节点文献
基于条件随机场模型的中文人名识别的研究
A Study on Chinese Personal Name Recognition Based on Conditional Random Fields
【作者】 王东亮;
【导师】 黄德根;
【作者基本信息】 大连理工大学 , 计算机软件与理论, 2010, 硕士
【摘要】 中文人名识别是中文命名实体识别(NER)的一个重点工作,广泛应用于信息检索、信息抽取、机器翻译等领域。中文人名在命名实体中占有很大的比重,并且由于中文人名结构的复杂性和形式的多样性,中文人名识别一直是中文信息处理领域的一个难点。本文在前人工作的基础上,采用条件随机场(Conditional Random Fields, CRFs)模型,并利用篇章信息,来完成中文人名识别的任务。本文的主要工作和特点介绍如下:(1)详细介绍了条件随机场模型,并讨论了本模型相比其他机器学习模型的特点。CRFs模型是当前比较优秀的条件概率模型,它既克服了生成模型的独立性假设,同时避免了有向图模型的标记偏执问题,并具有这两种模型的优点。(2)由于中文人名可能在同一篇语料中多次出现,但是同一人名在不同的位置具有不同的上下文环境,因此对于上下文信息比较充足的人名很容易通过模型进行召回,但是对于上下文信息不足的人名可能被漏识别。本文基于篇章信息,将通过CRFs模型识别出来的人名提取出来作为人名词典,进行第二次人名识别,进一步提高中文人名识别的效率。本文的研究成果同样适用于中文地名和机构名等其他命名实体的识别,实验证明本文提出的方法是有效的。
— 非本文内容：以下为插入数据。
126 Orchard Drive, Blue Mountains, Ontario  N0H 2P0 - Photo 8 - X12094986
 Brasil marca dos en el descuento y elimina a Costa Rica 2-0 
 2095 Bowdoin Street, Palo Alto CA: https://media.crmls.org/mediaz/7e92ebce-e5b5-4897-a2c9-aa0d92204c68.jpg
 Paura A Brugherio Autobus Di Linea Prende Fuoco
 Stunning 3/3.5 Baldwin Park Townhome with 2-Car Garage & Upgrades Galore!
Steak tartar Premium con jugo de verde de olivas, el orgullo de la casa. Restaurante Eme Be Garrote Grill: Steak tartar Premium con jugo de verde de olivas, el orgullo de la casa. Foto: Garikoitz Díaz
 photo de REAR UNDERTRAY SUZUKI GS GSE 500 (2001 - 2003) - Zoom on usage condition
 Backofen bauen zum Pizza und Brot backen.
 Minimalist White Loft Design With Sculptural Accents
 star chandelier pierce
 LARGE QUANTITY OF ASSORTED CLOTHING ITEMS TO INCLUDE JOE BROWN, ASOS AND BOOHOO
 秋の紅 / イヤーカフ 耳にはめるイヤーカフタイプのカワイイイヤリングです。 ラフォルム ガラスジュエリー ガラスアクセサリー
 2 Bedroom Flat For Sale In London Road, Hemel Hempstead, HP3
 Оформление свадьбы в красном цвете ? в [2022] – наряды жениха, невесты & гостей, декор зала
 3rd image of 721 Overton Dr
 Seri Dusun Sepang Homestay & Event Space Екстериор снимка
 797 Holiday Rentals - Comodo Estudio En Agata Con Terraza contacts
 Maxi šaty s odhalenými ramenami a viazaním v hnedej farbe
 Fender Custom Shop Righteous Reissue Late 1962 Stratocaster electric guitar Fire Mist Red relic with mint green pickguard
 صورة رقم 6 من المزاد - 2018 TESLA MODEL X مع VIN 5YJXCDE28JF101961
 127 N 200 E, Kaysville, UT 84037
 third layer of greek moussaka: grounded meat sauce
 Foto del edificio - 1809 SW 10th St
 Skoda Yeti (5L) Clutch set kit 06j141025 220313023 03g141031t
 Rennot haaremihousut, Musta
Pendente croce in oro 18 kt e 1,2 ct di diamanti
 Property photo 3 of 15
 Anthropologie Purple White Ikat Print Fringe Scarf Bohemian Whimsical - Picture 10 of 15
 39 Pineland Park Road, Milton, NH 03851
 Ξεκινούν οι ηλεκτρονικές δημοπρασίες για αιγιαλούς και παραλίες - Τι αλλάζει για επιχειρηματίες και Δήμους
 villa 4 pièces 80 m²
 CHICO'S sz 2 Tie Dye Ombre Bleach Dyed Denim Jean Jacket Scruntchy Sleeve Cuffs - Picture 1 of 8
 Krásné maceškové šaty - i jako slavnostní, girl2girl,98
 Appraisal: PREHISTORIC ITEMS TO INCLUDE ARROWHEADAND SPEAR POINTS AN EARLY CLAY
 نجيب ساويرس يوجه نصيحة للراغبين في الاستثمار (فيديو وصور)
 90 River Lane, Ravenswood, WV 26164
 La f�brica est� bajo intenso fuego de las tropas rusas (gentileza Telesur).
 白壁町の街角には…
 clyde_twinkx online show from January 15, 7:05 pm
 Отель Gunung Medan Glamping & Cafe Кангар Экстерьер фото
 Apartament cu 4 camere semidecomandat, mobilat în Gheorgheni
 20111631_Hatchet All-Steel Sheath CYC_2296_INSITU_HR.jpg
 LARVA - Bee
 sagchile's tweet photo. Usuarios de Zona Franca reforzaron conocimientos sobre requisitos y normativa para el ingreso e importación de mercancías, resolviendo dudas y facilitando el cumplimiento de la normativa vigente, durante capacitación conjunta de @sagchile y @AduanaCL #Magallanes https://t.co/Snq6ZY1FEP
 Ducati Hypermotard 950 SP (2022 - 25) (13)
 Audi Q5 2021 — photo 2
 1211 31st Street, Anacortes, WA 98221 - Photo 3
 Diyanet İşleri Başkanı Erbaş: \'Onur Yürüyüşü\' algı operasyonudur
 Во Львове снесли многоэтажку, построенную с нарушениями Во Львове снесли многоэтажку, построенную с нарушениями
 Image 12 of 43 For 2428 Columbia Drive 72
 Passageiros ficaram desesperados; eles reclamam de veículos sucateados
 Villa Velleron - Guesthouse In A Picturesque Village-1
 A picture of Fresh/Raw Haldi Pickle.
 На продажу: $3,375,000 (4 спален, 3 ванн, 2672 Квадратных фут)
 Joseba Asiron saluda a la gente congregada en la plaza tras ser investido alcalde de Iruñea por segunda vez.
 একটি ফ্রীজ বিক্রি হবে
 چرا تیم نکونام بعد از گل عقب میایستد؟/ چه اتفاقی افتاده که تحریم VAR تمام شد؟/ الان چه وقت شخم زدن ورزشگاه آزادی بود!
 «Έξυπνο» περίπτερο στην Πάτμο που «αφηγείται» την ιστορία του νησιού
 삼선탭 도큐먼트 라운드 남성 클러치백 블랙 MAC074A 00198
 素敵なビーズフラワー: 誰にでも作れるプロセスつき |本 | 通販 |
【Abstract】 Chinese Personal Name Recognition (CPNR) plays an important role in Named Entity Recognition (NER) task; it is usually used in information retrieval, information extraction and machine translation and so on. Chinese personal names account for a large proportion in named entities, and it is always a difficulty of Chinese Natural Language Processing (CNLP) due to complexity of construction and diversity of form.This paper based on the previous works of others, completes this task with CRFs model. In order to improve the performance of our system, we introduce the proliferation based on discourse. The main works of this paper are as follows:(1) Give a detail description of CRFs model, and compare this model with other machine-learning models. CRFs model is a very excellent conditional probability model. It not only overcomes the independence assumption of generation models, but also settles the label-bias problem of directed graph models. It inheritances advantages from both type of models in addition.(2) CPNs maybe appear many times in the same corpus, but have different context information. The CPNs which have strong context information are sure more easy to recalled than the others. Based on discourse, this paper constructed a dictionary with personal names extracted from the results of CRFs model. In order to improve the performance of our system, we implement a second recognition of personal names.The research of this paper can also be provided to recognize Chinese location names and organization names. Experimental results prove that our method is effective.